Sensor Fusion for Improved Localization in Autonomous Underwater Vehicle
The ocean has long been a vital resource for humankind, providing essential natural resources such as renewable energy, marine minerals, and seafood. However, marine ecosystems are increasingly threatened by global warming and pollution, which require extensive studies to monitor and mitigate these effects. Additionally, ocean research aids scientists in understanding the Earth's ecosystem and enhances their ability to predict and respond to natural hazards such as earthquakes and tsunamis. Despite its significance, oceanographic research has received comparatively less attention than land and aerial studies due to the challenges associated with accessing and mapping aquatic ecosystems. Therefore, developing efficient ocean survey methods that enable rapid and comprehensive exploration of marine environments is crucial.

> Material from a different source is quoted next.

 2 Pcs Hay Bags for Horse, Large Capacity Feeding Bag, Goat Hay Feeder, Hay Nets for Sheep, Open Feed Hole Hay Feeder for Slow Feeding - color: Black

Traditional ocean surveys conducted by human divers are time-consuming, costly, and inherently hazardous due to unpredictable underwater conditions and the presence of venomous marine life. Autonomous Underwater Vehicles (AUVs) present a viable alternative, offering a robotic platform equipped with power systems and onboard processing units capable of navigating unknown underwater environments without human intervention. AUVs have been successfully deployed for large-scale ocean surveys, such as mapping the Great Barrier Reef to assess reef health and marine biodiversity. However, navigating complex and unstructured environments, such as coral reef systems, requires precise self-localization to avoid obstacles and ensure efficient mission execution. Unlike terrestrial autonomous systems, which rely on the Global Positioning System (GPS), AUVs must depend on onboard sensors for localization, as electromagnetic signals are heavily attenuated underwater.

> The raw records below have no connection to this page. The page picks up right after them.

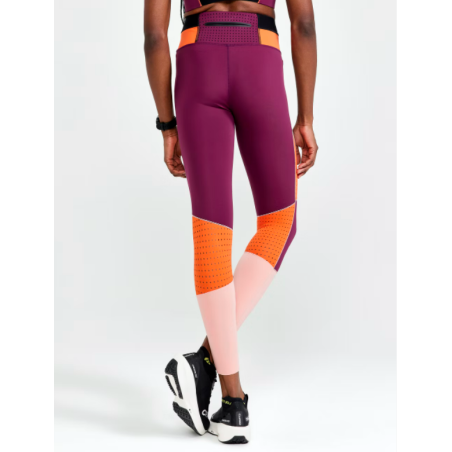 Collant Running CRAFT Femme PRO CHARGE BLOCKED TIGHTS Violet / Rose PE 2022
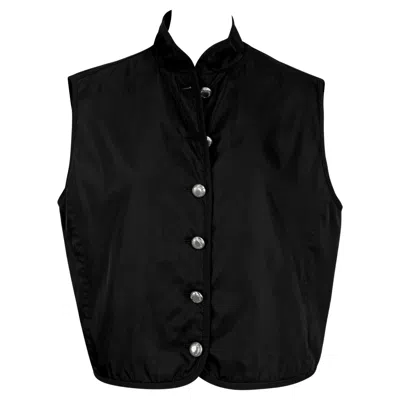Pre-owned Prada F/w 1994  Black Nylon Sleeveless Vest Nehru Jacket Xl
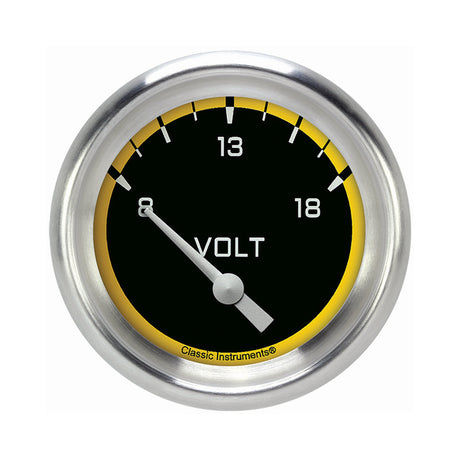 Classic Instruments Autocross Yellow 2 5/8" Volt Gauge - AX230YAPF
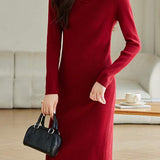 Elegant Square Neck Knit Dress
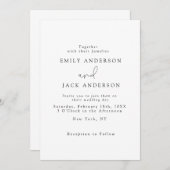 ホワイトエレガンスモダンシック結婚式招待状 招待状 (正面/裏面)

Different types of sensors provide complementary information, but relying on a single sensor often results in significant localization errors due to noise and environmental disturbances. Sensor fusion techniques integrate data from multiple sources to mitigate noise and enhance localization accuracy. A well-designed fusion algorithm is essential to effectively combine sensor data and optimize the AUV’s self-localization performance. Additionally, the dynamic and unpredictable nature of underwater environments poses significant challenges in developing and training localization algorithms. Conducting field tests is often dangerous, resource-intensive, and impractical for large-scale experimentation.

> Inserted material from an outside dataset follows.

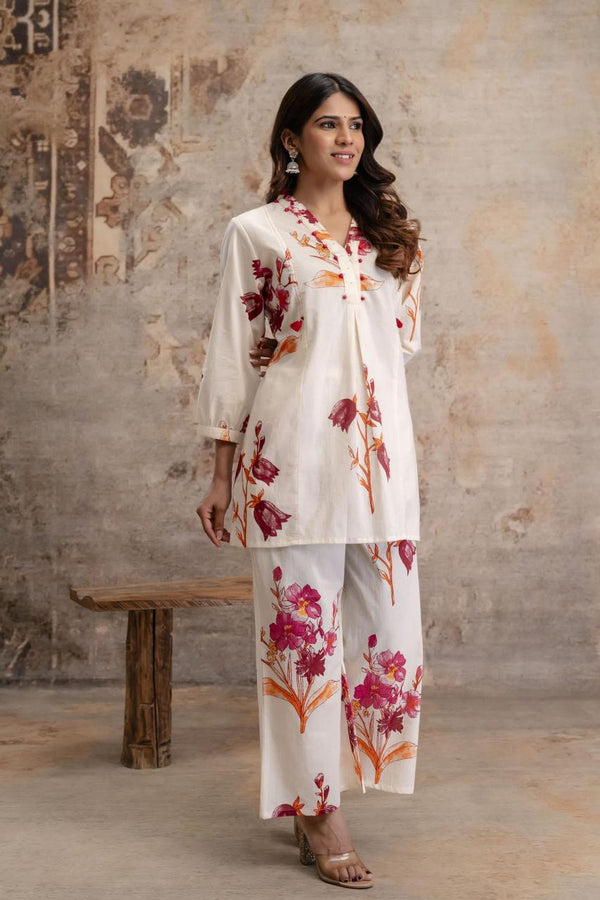 Scarlet Petal Ivory Co-ord Set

To address these challenges, high-fidelity underwater simulation frameworks are essential for creating realistic virtual testing environments. These simulation frameworks accurately model AUV dynamics, sensor behavior, and provide realistic rendering of underwater environment, enabling safe and cost-effective underwater self-localization algorithm development. In this research, we introduce an underwater simulation framework designed for evaluating AUV self-localization algorithms, incorporating a noise modeling structure to simulate various sensor uncertainties. We then investigate the impact of sensor fusion techniques on localization accuracy and systematically compare different fusion algorithms to identify the most effective approach. Our research evaluates four localization algorithms for AUVs—IMU-only, stereo camera, LiDAR-only, and LiDAR-IMU—within a realistic underwater simulation across three mission types: lawnmower, loop-closure, and adaptive path. Results show that LiDAR-only localization performs best in feature-rich environments for short-term missions, while LiDAR-IMU excels in long-term or feature-sparse scenarios. Stereo localization offers a budget-friendly alternative with acceptable accuracy in feature-rich areas. A key limitation is computational constraints due to limited GPU power, restricting simulation realism and runtime to 120 seconds. Future research should develop more realistic noise models and refine AUV hydrodynamics to better capture real-world conditions.